TASK BRIEF: Transcribe only part of the material below: the lines from the one containing "Tournoi des Six" through the one containing "Jouet de fouille", inclusive, exactly as written.

DATASET RECORDS:

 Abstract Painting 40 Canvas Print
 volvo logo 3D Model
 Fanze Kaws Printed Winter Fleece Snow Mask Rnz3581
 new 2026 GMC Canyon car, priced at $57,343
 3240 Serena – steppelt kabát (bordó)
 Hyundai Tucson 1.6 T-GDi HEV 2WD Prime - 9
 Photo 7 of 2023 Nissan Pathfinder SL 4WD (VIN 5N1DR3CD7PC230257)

* * *

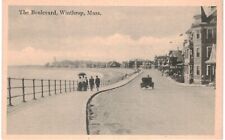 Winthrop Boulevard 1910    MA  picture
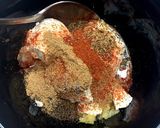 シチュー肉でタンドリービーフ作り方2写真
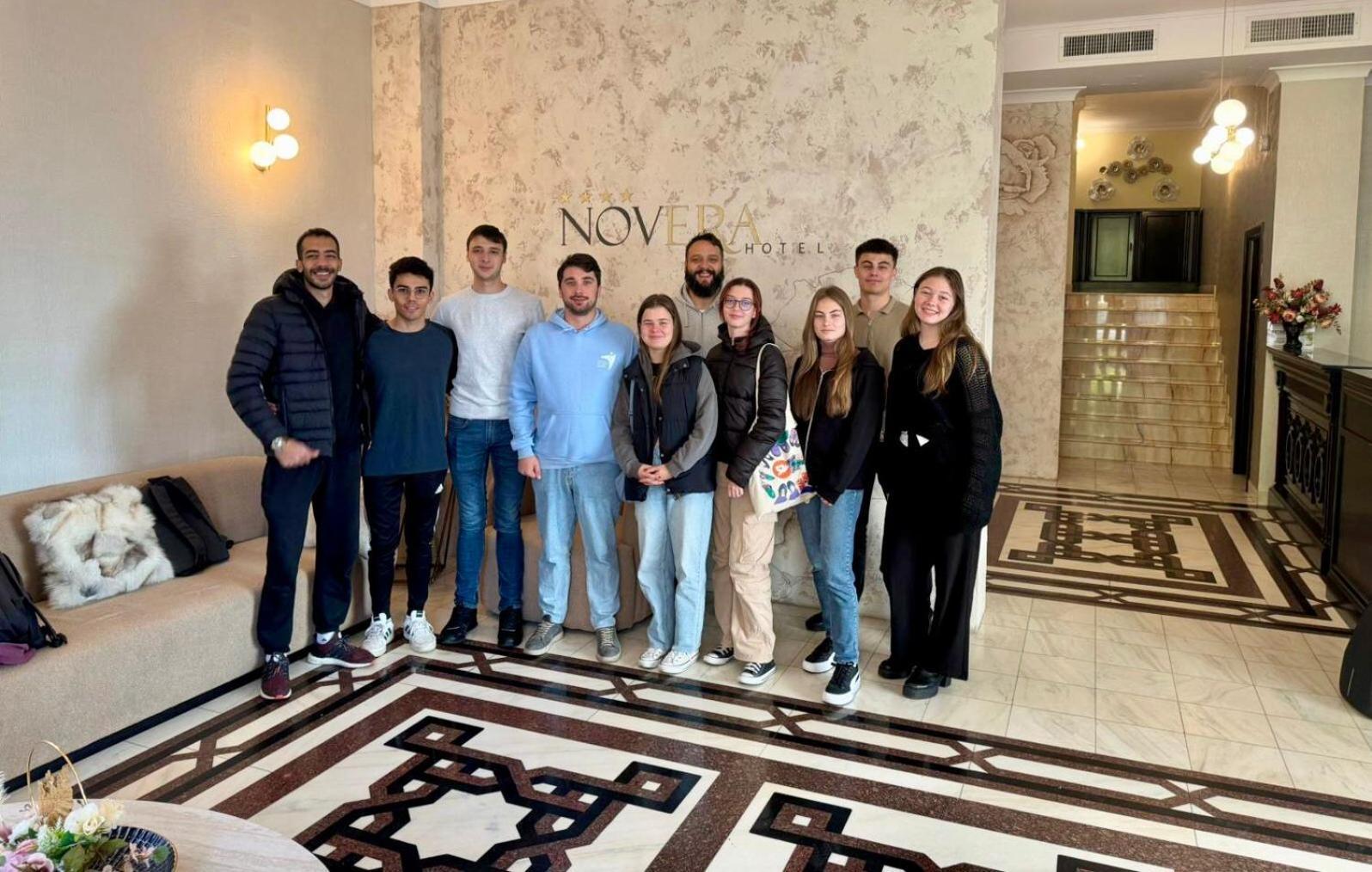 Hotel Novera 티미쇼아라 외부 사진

---

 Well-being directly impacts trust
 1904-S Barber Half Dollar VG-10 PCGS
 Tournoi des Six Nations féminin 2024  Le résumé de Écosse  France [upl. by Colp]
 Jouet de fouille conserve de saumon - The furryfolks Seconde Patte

ANSWER FOR THIS EXERCISE:
 Tournoi des Six Nations féminin 2024  Le résumé de Écosse  France [upl. by Colp]
 Jouet de fouille conserve de saumon - The furryfolks Seconde Patte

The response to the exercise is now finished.